Top of Source material
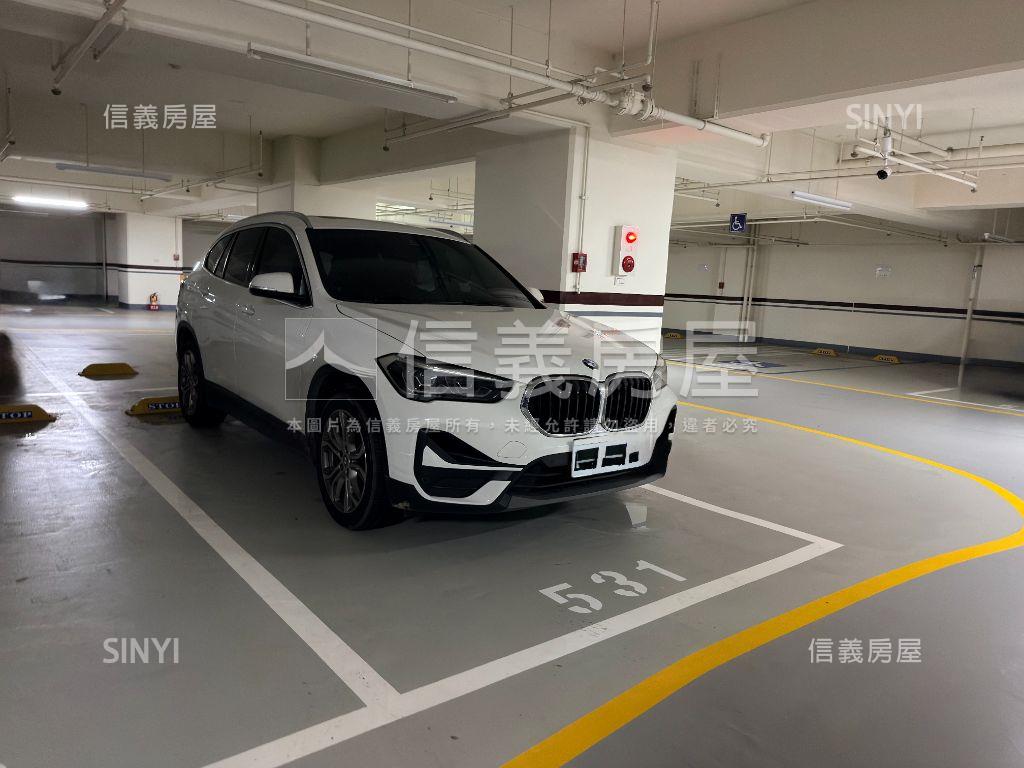 微笑世紀２房平車房屋室內格局與周邊環境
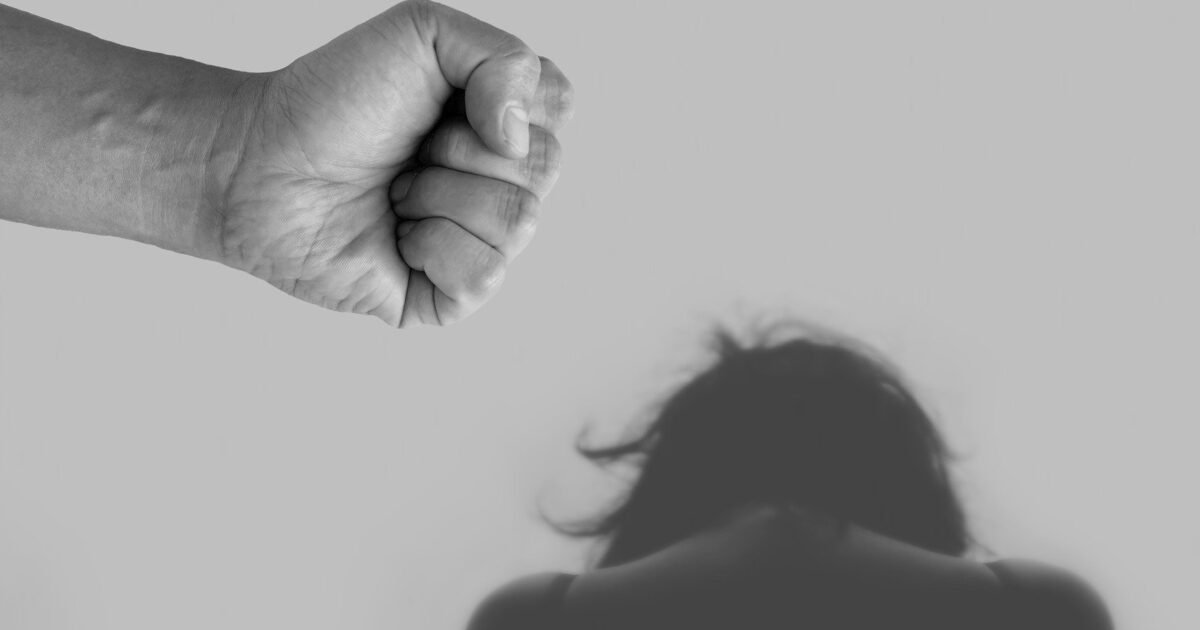 Homem é condenado por rotina de agressões físicas a ex-mulher deficiente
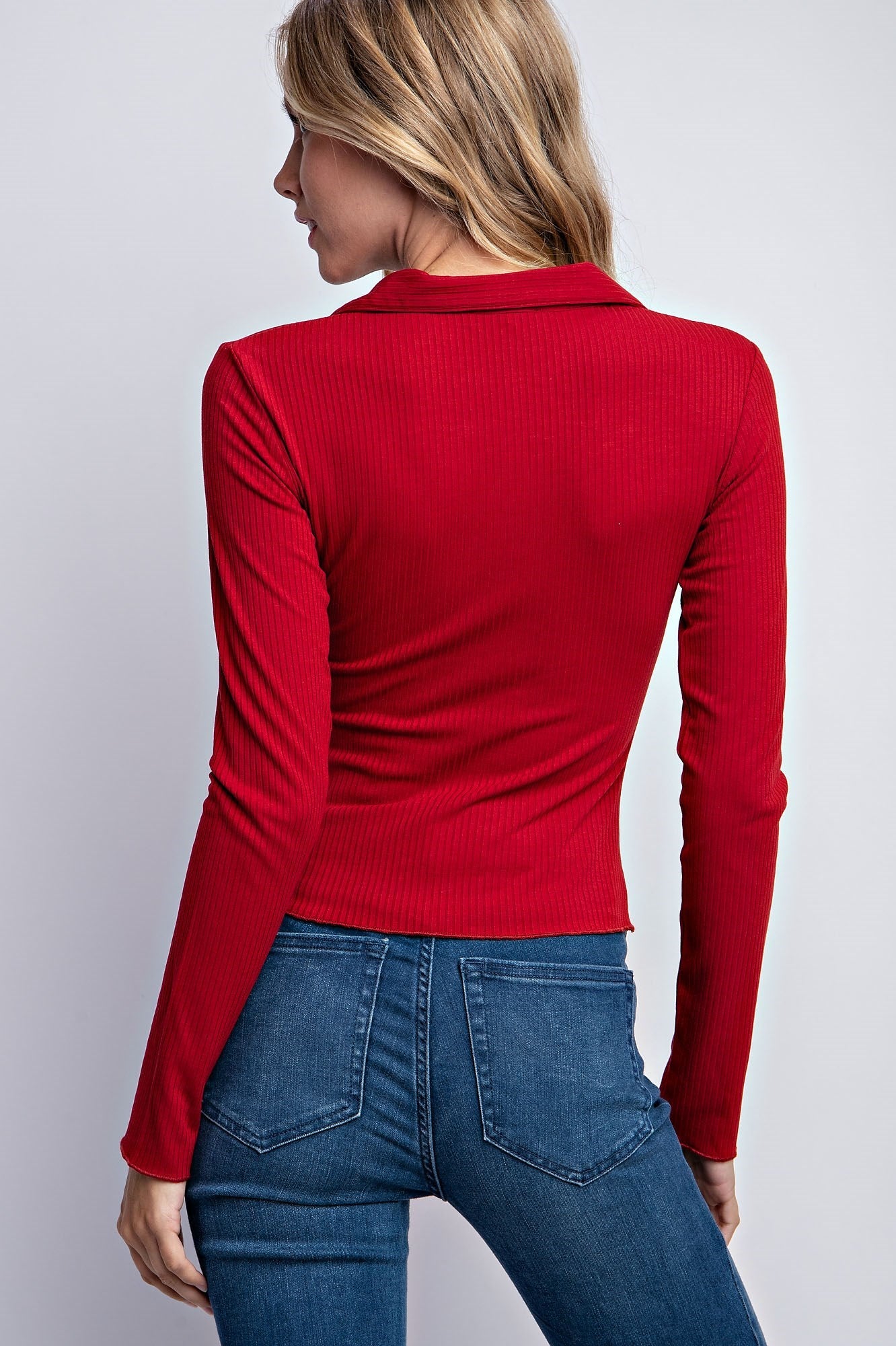 COLLARED V-NECK RIB KNIT TOP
Bottom of Source material
A word-for-word copy of the lines from the one with "Homem é condenado" through the last line of the data above is required, with both end lines included and no pictures.

 Homem é condenado por rotina de agressões físicas a ex-mulher deficiente
 COLLARED V-NECK RIB KNIT TOP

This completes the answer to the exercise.